The older man’s expression turned glum.

“It’s not that simple, partner. The guild is pragmatic above all else. They want the most suitable person for the position, not just who ‘deserves’ it more. I may have been the most promising candidate back in the day, when Antoine and I were running our successful business, but in all those years since his betrayal, look at me—I’ve fallen from grace, became a drunk, didn’t practice my craft, got older, and… and I simply lost my touch for being a merchant.”

Tristan dropped his head in shame as he leaned on the counter, his shaggy hair falling in front of his face and partially obscuring it.

Balthazar frowned.

“So now you’re trying to get back on the swing of things by… studying ledgers?”

The human raised his face slightly and sniffed quietly before speaking.

“Oh, not just that. I’ve been helping Henrietta do inventory, sometimes sweep the store’s floor too, and have been adding price tags to all sorts of items all over the bazaar.”

The crab’s frown deepened.

“Right. But what about trading?

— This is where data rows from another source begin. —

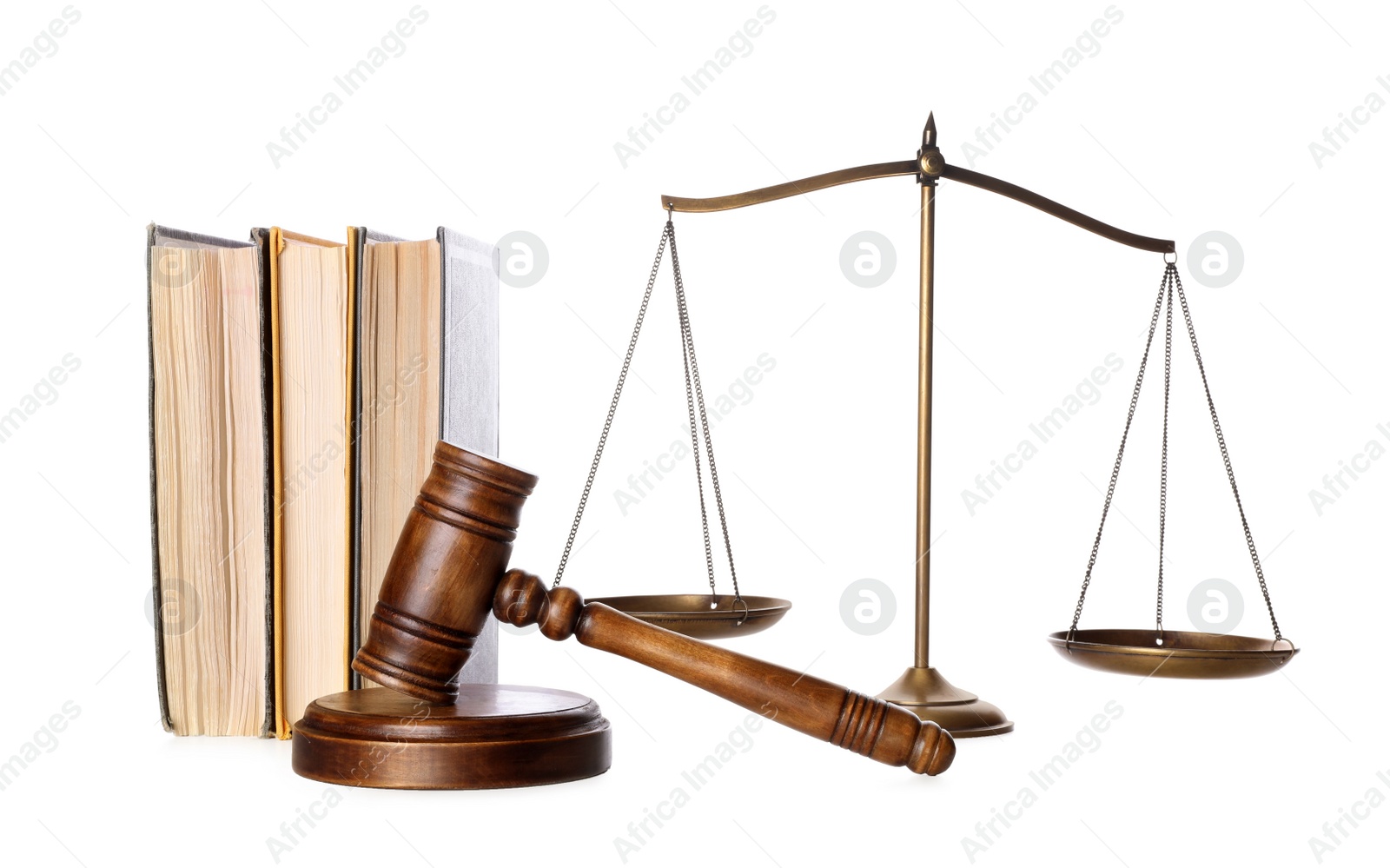 Photo of Wooden gavel, books and scales of justice on white background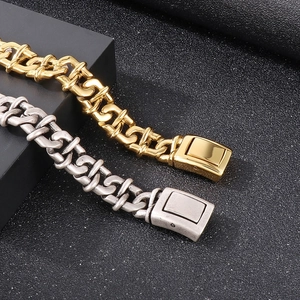 Macro detail of industrial curb chain bracelet with square clasp in gold and silver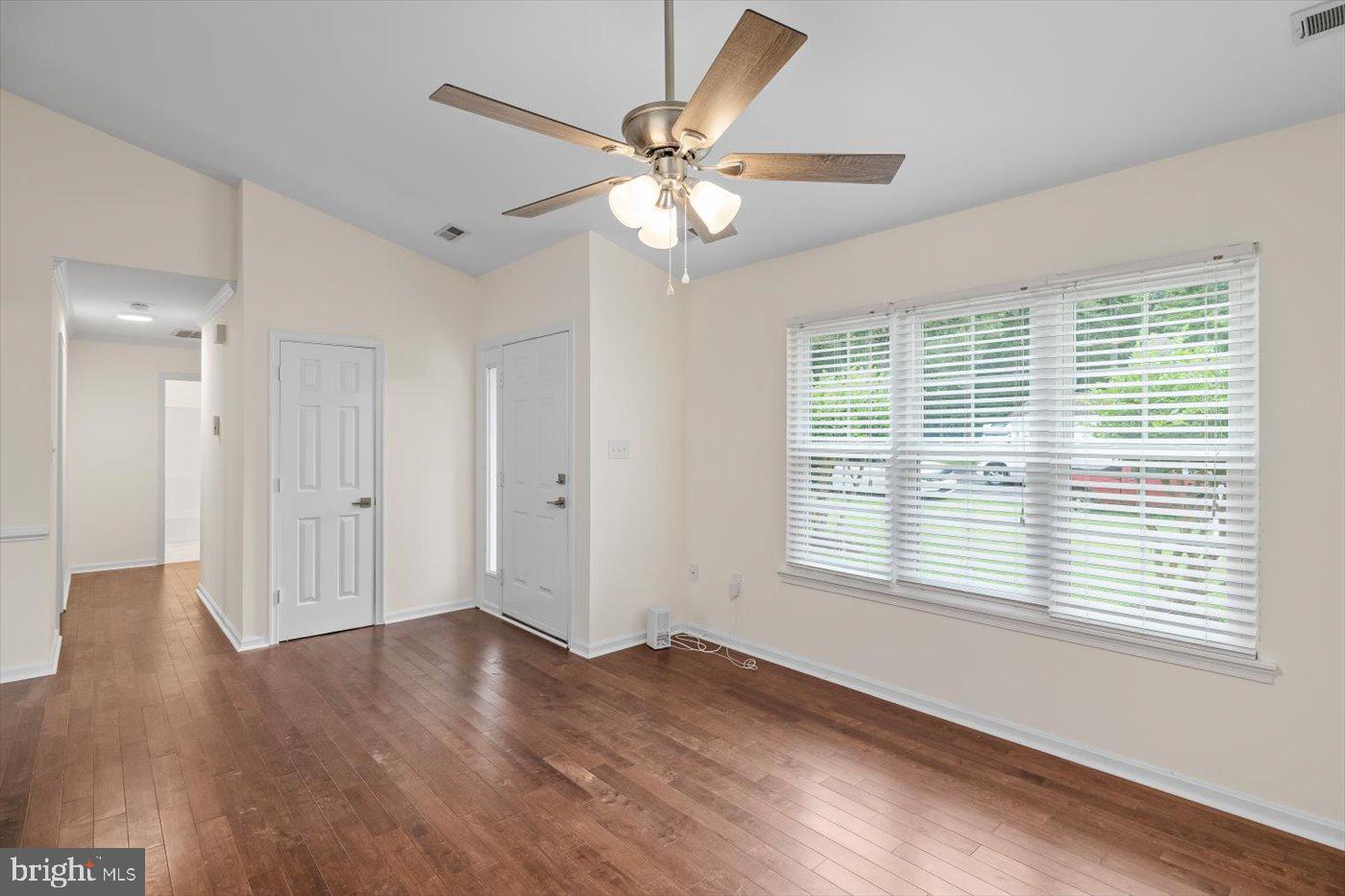 5705 Cascade Drive Fredericksburg, VA 22407 - Photo 17 of 32 a view of an empty room with wooden floor and a window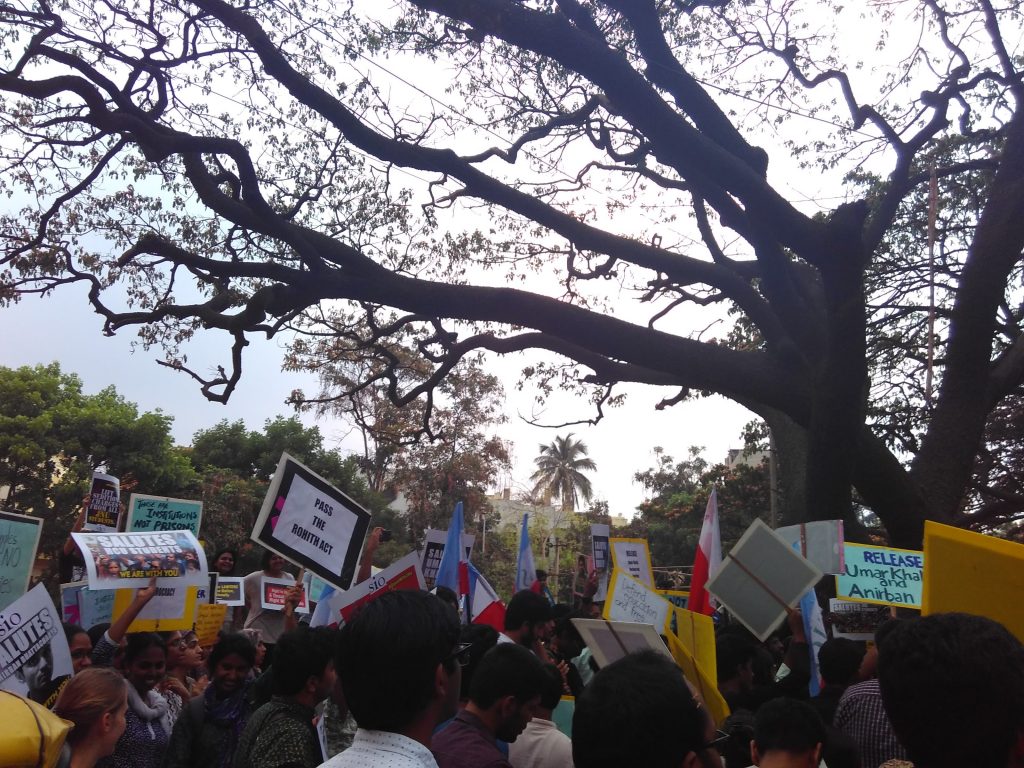 Protest with lots of people holding placards saying things like 'Pass the Rohith Act'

You know, selling, buying, with actual clients? The main thing a merchant should do. Have you been doing any of that at all?”

Tristan’s eyes shot up to the crab, and he shook his head vigorously once more.

“Oh, no, no, no. I haven’t done any trading here at your bazaar or elsewhere, partner. I left that part of the business to Henrietta during your absence. I wouldn’t dare. What if I messed it up? What if I started causing losses due to my lack of practice? I couldn’t risk damaging your reputation like that.”

This time, it was the crab who shook his head—or rather, his shell.

“Nonsense. I can’t have a merchant partner who doesn’t do any merchanting. And you can’t seriously expect to earn the position of merchant guildmaster when you haven’t even traded a beanstalk in years. What you need is practice.”

Tristan looked at Balthazar with a gaze of hesitant hope mixed with doubt. “Are you sure that’s a good idea? I’m just so out of practice.”

The crustacean crossed his pincers confidently.

“Of course I’m sure. I’m not just an expert merchant. I’ll have you know I’m also an excellent tutor now, so you’re in luck. Come on, partner, I’ll show you how a merchant crab does business.”